An embodiment of the present invention will be described below with reference to FIG.

The difference between the embodiment shown in FIG.
An electrolytic capacitor (9) is arranged in parallel with the DC power supply (1), and the input side capacitors (3a) and (3b) are conventional oil capacitors.

In the embodiment of FIG. 1, the current flowing through the chopper circuit is taken as shown in FIG. 1, and the capacitance of the electrolytic capacitor (9) is FC1, and the capacitance of the oil condesans (3a) and (3b) is FC2. Then, the following equation is established.

(A) When the switching element (4a) is on and (4b) is off, (i ₁ −i ₂ ) / FC1 × (1/2 · fc) = (i ₂ −i ₃ ) / FC2 × (1 / 2 · fc) + i ₂ / FC2 × (1/2 · fc) (1) i ₄ = 0 (2) (b) When switching element (4a) is off and (4b) is on (i) ₁₋ i ₂ ) / FC1 × (1/2 · fc) = i ₂ / FC2 × (1/2 · fc) + (i ₂ −i ₄ ) / FC2 × (1/2 · fc) (3) _{) i 3 = 0 ...... (4} ) here, f _c is the frequency of the switching element shown in Figure 3.

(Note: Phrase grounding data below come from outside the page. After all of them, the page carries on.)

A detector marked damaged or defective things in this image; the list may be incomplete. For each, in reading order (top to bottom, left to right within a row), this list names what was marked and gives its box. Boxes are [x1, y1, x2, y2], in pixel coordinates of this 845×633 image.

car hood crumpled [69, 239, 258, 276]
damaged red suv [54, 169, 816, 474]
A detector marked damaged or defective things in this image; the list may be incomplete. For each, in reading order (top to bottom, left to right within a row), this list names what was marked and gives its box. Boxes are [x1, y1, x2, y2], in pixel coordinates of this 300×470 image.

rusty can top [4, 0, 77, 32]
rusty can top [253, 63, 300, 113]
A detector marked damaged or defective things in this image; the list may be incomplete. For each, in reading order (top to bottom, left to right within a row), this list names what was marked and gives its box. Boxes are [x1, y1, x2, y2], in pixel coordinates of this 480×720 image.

 The following equation is obtained by rearranging equation (1).

_{(I 1 -i 2) FC2 =} (2i 2 -i 3) FC1 ...... (5) Here, when the switching element is controlled with 50% duty ratio is the relationship i ₁ = i _3/2 Because it has become
Equation (5) is as follows.

(I ₁ −i ₂ ) FC2 = −2 (i ₁ −i ₂ ) FC1 (6) In order for equation (6) to be satisfied regardless of the size of FC1 and FC2, the following equation must be satisfied There is.

i ₁ = i ₂ (7) Accordingly, the ripple current for charging the electrolytic capacitor is i ₁ −i ₂ = 0.

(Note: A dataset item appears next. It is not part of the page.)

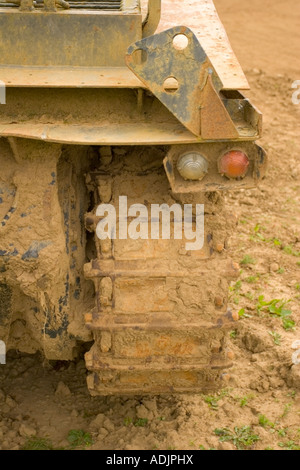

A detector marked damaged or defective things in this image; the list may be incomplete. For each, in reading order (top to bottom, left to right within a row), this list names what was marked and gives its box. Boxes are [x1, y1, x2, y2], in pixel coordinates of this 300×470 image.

rusty metal bracket [126, 25, 223, 136]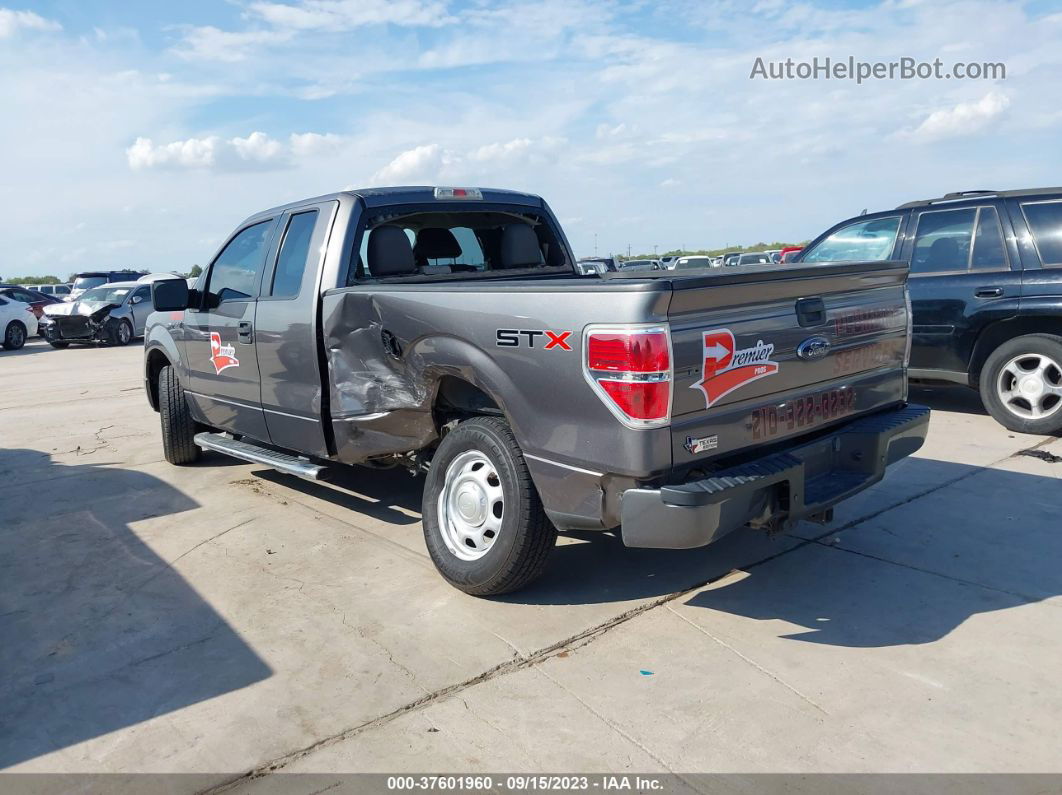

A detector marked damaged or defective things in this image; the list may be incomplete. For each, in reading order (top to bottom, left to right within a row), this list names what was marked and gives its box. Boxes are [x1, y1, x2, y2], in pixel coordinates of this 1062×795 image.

damaged suv [40, 282, 154, 352]
damaged suv [143, 188, 932, 596]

Similarly, from equation (3), since the discharge current of the electrolytic capacitor also becomes 0, the ripple current of the electrolytic capacitor becomes 0, and the ripple current of the chopper circuit is all supplied from the oil capacitors (3a) and (3b). Will be.

Therefore, the energy load due to the capacitance of the oil capacitor should be minimized by providing the function of an energy supply source such as an instantaneous power failure to an electrolytic capacitor that can be reduced in size and weight for a large capacitance. Thus, a compact and lightweight capacitor configuration can be obtained as a whole.

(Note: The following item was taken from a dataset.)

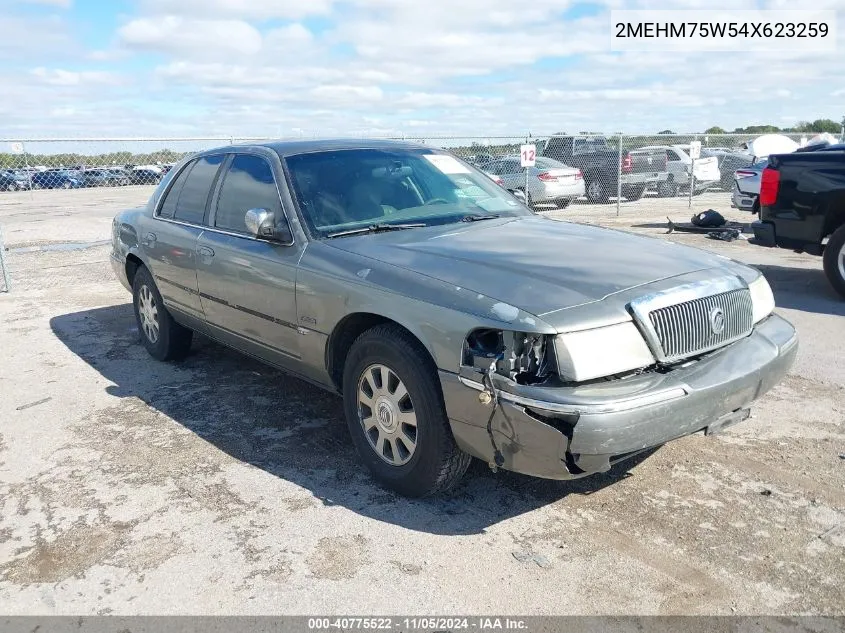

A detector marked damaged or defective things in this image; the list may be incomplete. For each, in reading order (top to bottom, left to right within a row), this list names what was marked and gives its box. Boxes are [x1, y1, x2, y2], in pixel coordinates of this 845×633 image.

exposed headlight housing [748, 274, 776, 324]
exposed headlight housing [552, 324, 652, 382]
broken headlight [552, 324, 652, 382]
damaged front bumper [442, 312, 796, 478]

In general, the life of an electrolytic capacitor is significantly controlled by the ripple current. However, if the capacitor is configured as shown in FIG. 1, most of the load of the ripple current can be given to the oil capacitor. The life of the capacitor can be extended.

In the above-described embodiment, an example in which the chopper circuit is employed is described. However, the input circuit in which the DC power supply voltage is two voltage dividing capacitors and the switching circuit is an inverter circuit is different from the input circuit in which the switching circuit is an inverter circuit. An effect similar to that of the embodiment is obtained.

〔The invention's effect〕

As described above, according to the present invention, the input capacitor of the chopper is used in a configuration in which the electrolytic capacitor and the voltage dividing capacitor connected in series are connected in parallel. And a more inexpensive device.

[Brief description of the drawings]

FIG. 1 is a circuit configuration diagram of a power conversion device according to an embodiment of the present invention, FIG. 2 is a circuit configuration diagram of a conventional power conversion device,
FIG. 3 is an operation waveform diagram of FIG. In the figure, (1) is a DC power supply, (2A) and (2B) are positive and negative group step-down choppers, (3a) and (3b) are oil capacitors, and (9) is an electrolytic capacitor. In the drawings, the same reference numerals indicate the same or corresponding parts.

Claims (1)

(57) [Claims] 1. A two-phase chopper in which a step-down chopper for performing DC-DC power conversion by switching by 180 ° out of phase with each other is connected in two stages, an input capacitor connected to an input side of the chopper, and the chopper In a power converter comprising a filter connected in series with a reactor and a capacitor connected to the output side of the power supply and a load connected to both ends of the capacitor, the input capacitor is connected to the input of the two-phase chopper. Capacitor 2
A power conversion device comprising a stage voltage dividing capacitor and an electrolytic capacitor connected in parallel to the stage voltage dividing capacitor.